- _TASK DIRECTIONS_:
Only one stretch of the data should be retyped: the lines from the line containing "Tefannyy on BongaCams" through the line containing "Bomann KSG 7292, Getränkekühlschrank schwarz". Keep pictures out of it.

- _DATA_:
┏━━
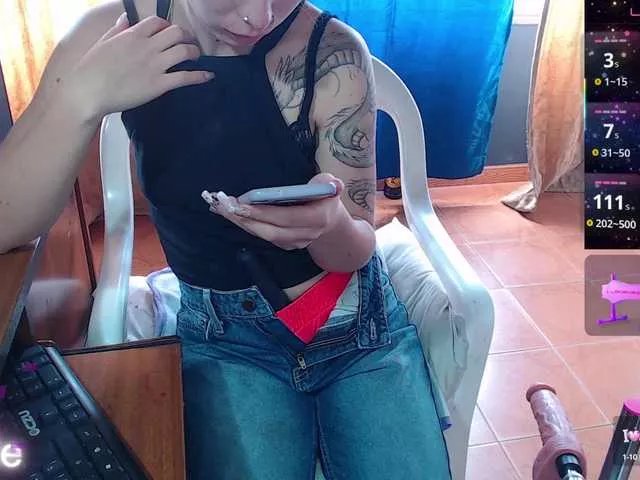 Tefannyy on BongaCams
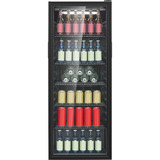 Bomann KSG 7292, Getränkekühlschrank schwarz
┗━━
┏━━
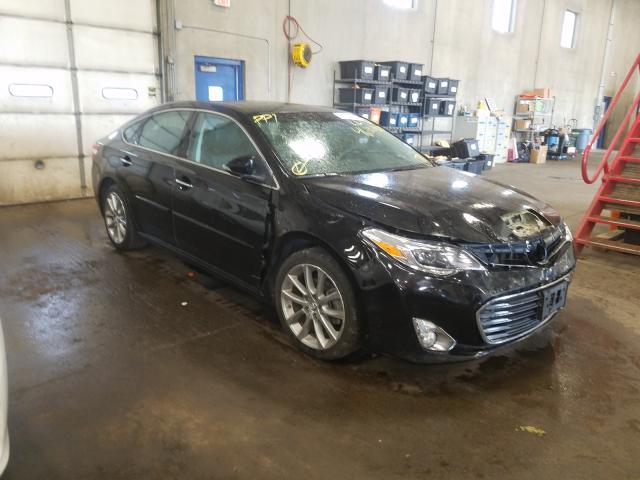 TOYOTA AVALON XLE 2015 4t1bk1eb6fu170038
┗━━
- _YOUR SOLUTION_:
 Tefannyy on BongaCams
 Bomann KSG 7292, Getränkekühlschrank schwarz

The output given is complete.